Путилов достал из кармана диковинную французскую шоколадку:

— Это от меня вашей нежной доченьке, Веруше...

...Гучков сказал шоферу везти себя в «рабочий комитет» — его детище, сам подбирал кандидатов, чтобы оторвать цвет мастеровых от радикальных партий, включить в работу, так нет же, арестовали; понятно, на место арестованных членов тут же делегировались новые.

Самым резким из собравшихся был все тот же Абросимов — успел, видимо, подготовить народ после выступления Милюкова на недавней встрече.

— Мы не подачек ждем от правительства, а уважения к нашим требованиям! Контролеры из ревизионных комиссий не скрывают, что премии нам урежут в три раза, запретят платить сверхурочные, обрекут на форменный голод! И не надо нас уговаривать, господин Гучков! Хватит одного Милюкова! Товарищи рабочие, у нас теперь один путь — на баррикады!

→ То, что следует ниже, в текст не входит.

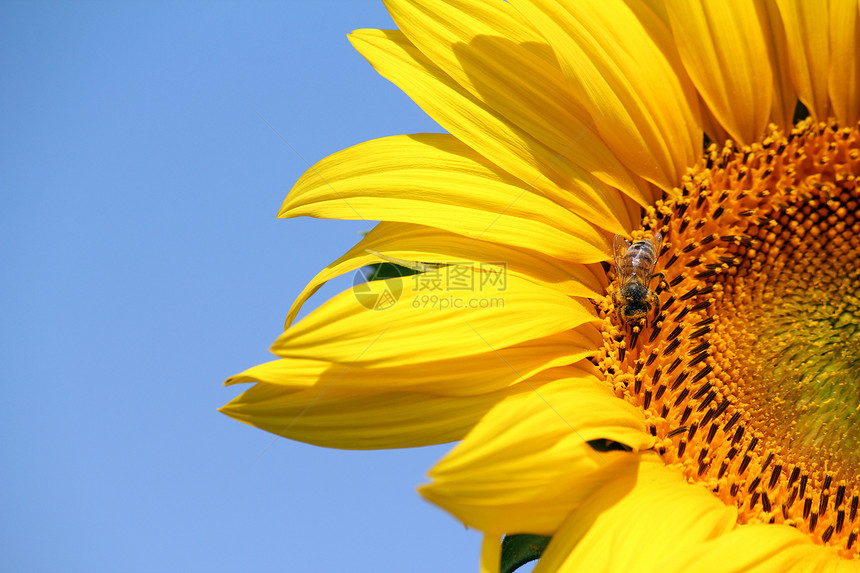 向日葵夏季的蜜蜂蜂蜜叶子花粉黄色农业花蜜乡村蓝色花瓣绿色图片
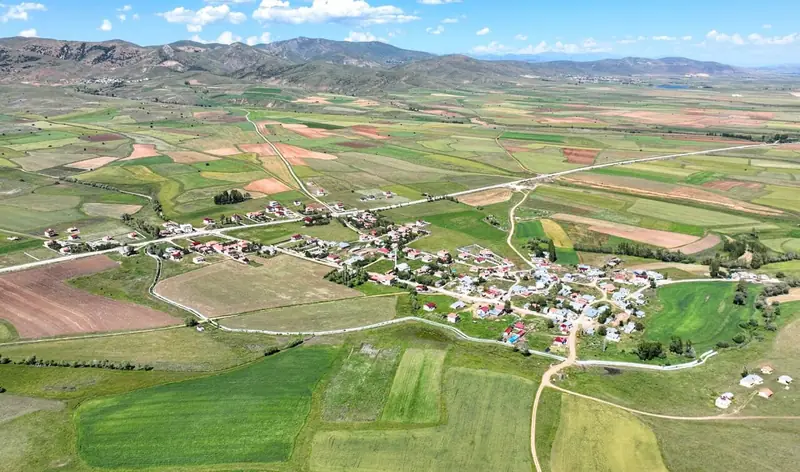 Köse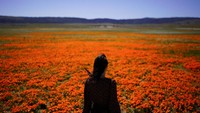 Seorang turis, Elena Ivanov melihat hamparan bunga popi di Lancaster, California, AS, Rabu (30//3/2022). Desir angin, bau nektar bunga dengan lansekap 3 dimensi merupakan kisah dunia nyata yang sulit ditemui di layar virtual. Healing. (AP Photo/Jae C. Hong)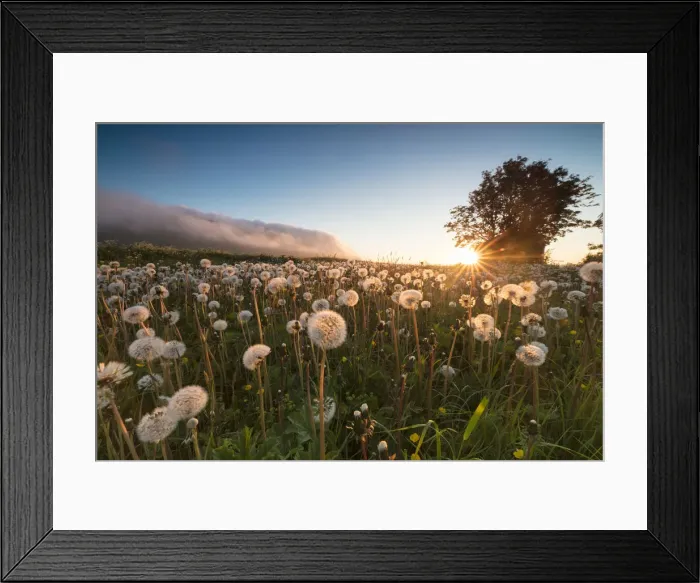 Framed Print : Green meadows of dandelions framed by the midnight sun, Fredvang, Moskenesoya, Nordland county Framed Print : Green meadows of dandelions framed by the midnight sun, Fredvang, Moskenesoya, Nordland county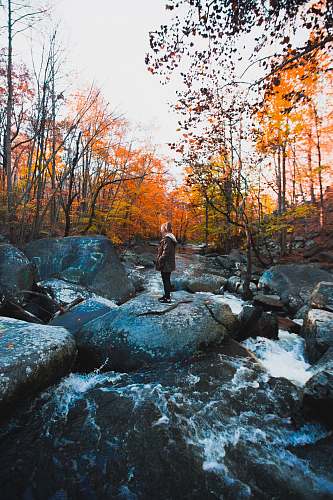 person person standing on top of rock in between waterfall during daytime plant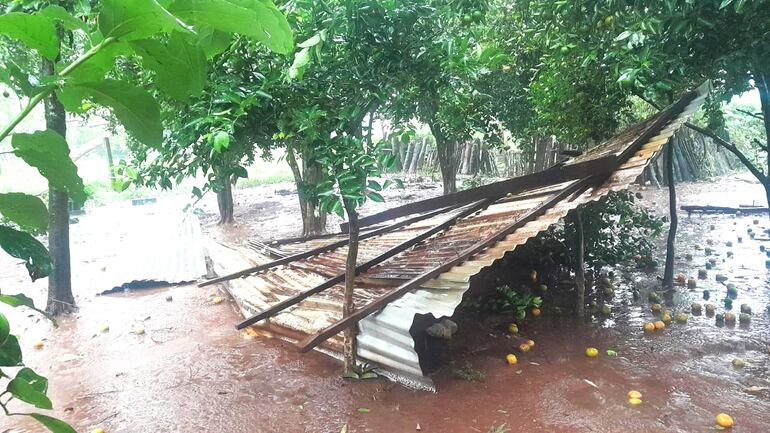 Los techos de chapas de zinc fueron levantados por la tormenta y quedaron a varios metros de las viviendas afectadas.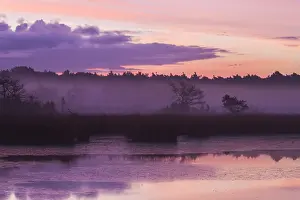 Bilder Datiert 3. November 2016: Kalmthoutse Heide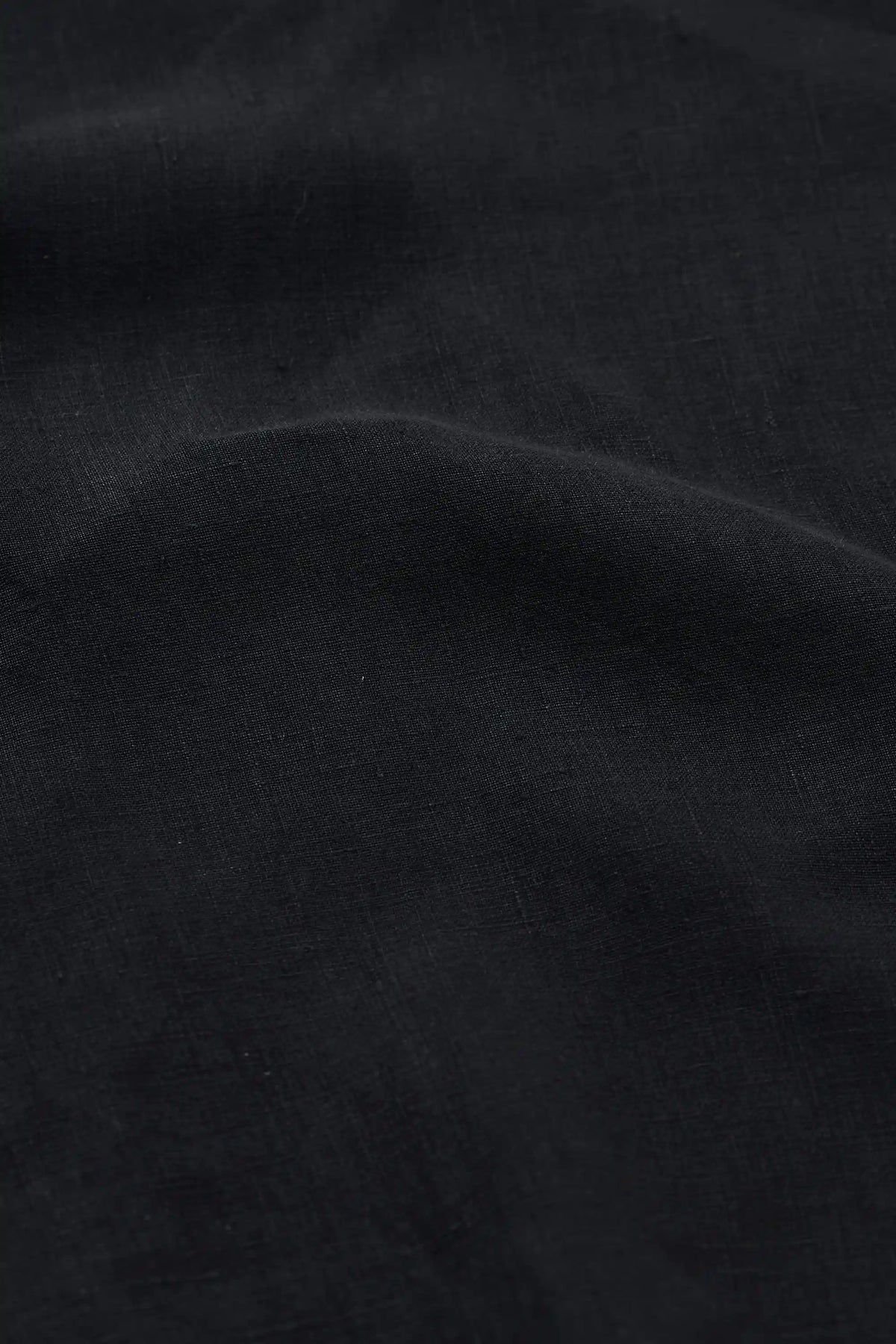 Linen Pleated Pants in Black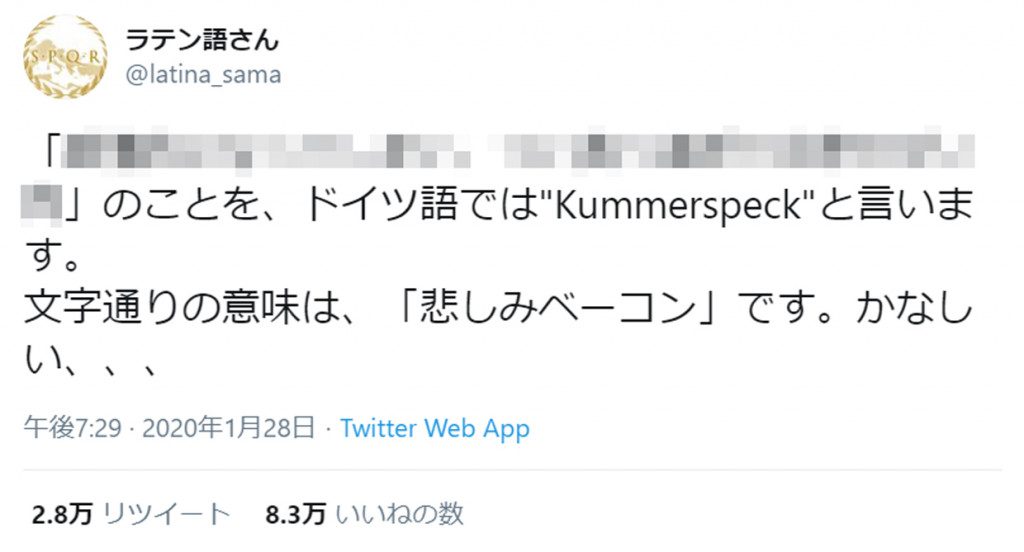 ドイツ語で Kummerspeck 悲しみベーコン ってどんな意味 まさに私 悲しすぎる との声 Ameba News アメーバニュース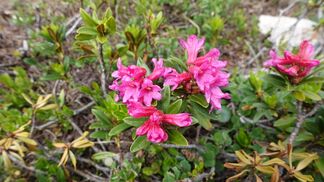 Flora- und Faunatypen der Schweiz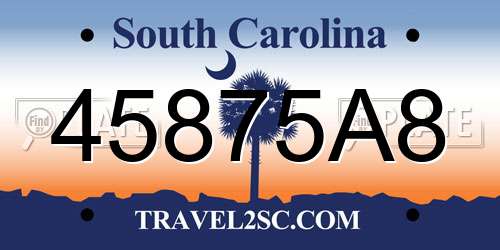 45875A8 South Carolina License Plate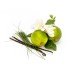 Indian Lemongrass & Lime 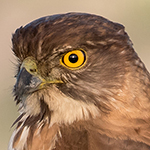 Crested Goshawk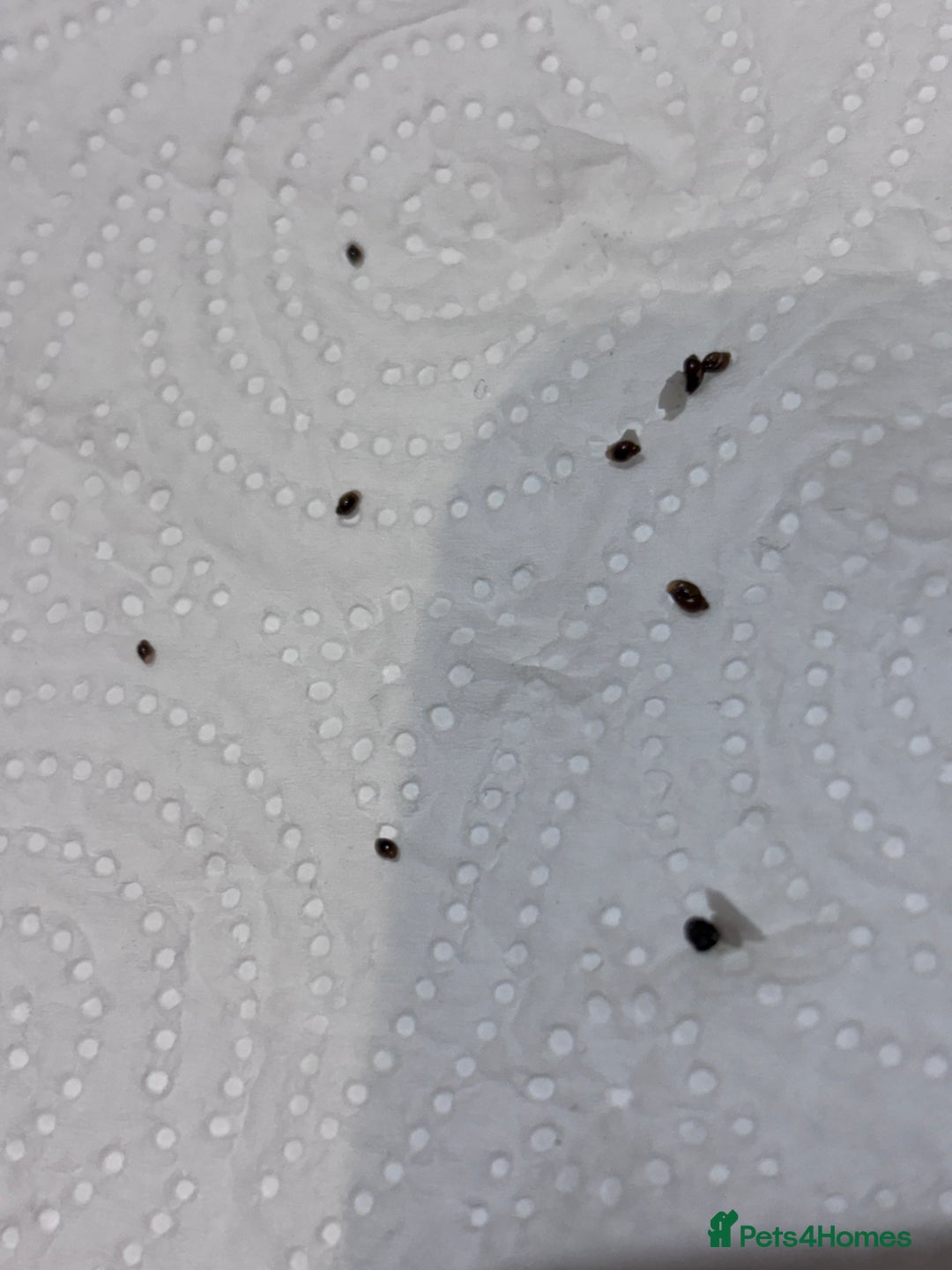 Snails invertebrates for sale: Aquarium snails  - Advert 4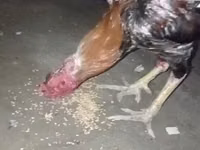 Chickens — photo 3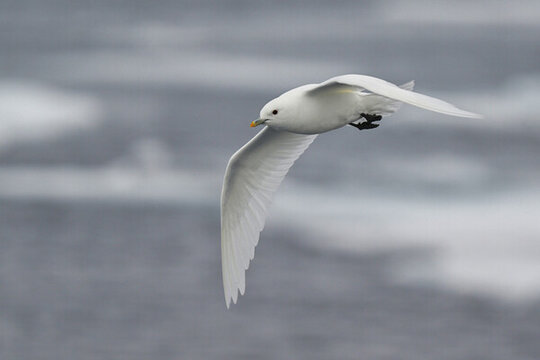 海鷗與海鳥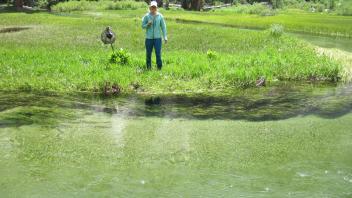 Middle Transect Left to Right Overview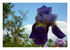 Les fleurs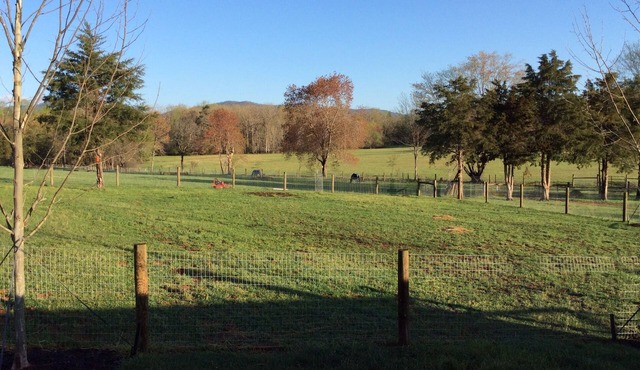 Country Bungalow close to Charlottesville, Wineries & Breweries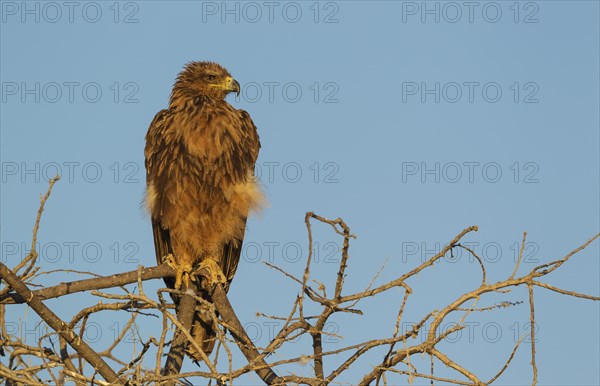 Tawny eagle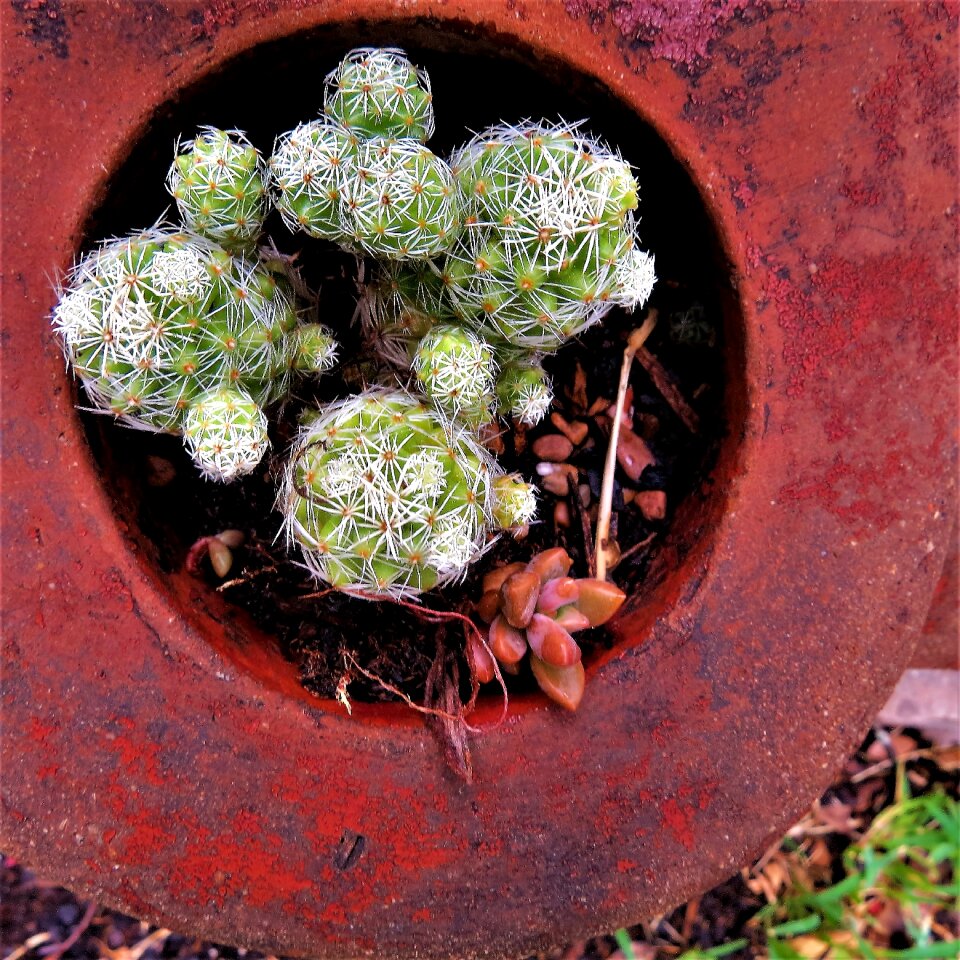 Potted green red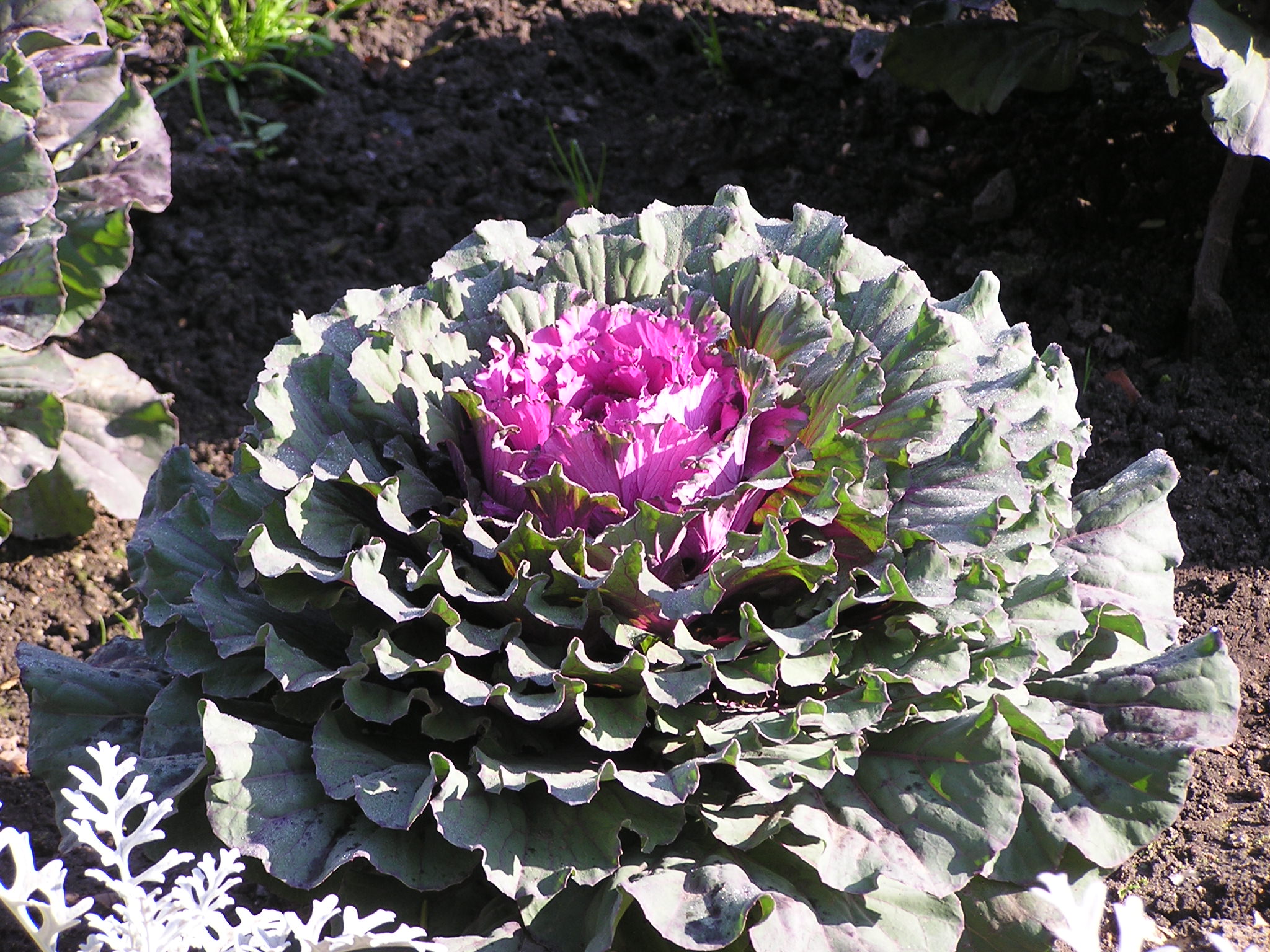 Ab plant 91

— Ну и что это дает? — Гучков сдерживал себя, старался не сорваться на отчаянный, полный трагического бессилия окрик. — Кровь? Немецкую оккупацию? Обещаю, что завтра все ведущие газеты выйдут со статьями против душителей-контролеров. Да, вы правы, нынешнее правительство изжило себя, мы имеем дело с растерявшимися истуканами, которые не имеют ничего реального, что можно было бы предложить не только рабочему люду, но и крестьянству, солдатам, путейцам! Вы же знаете, что мы самым активным образом боремся за создание ответственного перед Думою министерства — с ясной программой, которая немедленно поведет к тому, что лавки будут полны товарами!

— Хватит нас завтраками кормить! — Абросимов был неукротим, рвал ворот косоворотки. — Наелись господских завтраков, силы от них нет! Кто за мою резолюцию — «вперед, на баррикады», — прошу голосовать!

— Тогда идите первым, — сказал Гучков. — Примите жандармскую пулю на глазах у ваших товарищей! Что-то, как я погляжу, те, которые особенно громко кричат, на поверку прячутся за спины друзей! Призыв идти на баррикады, когда наступает немец, — измена!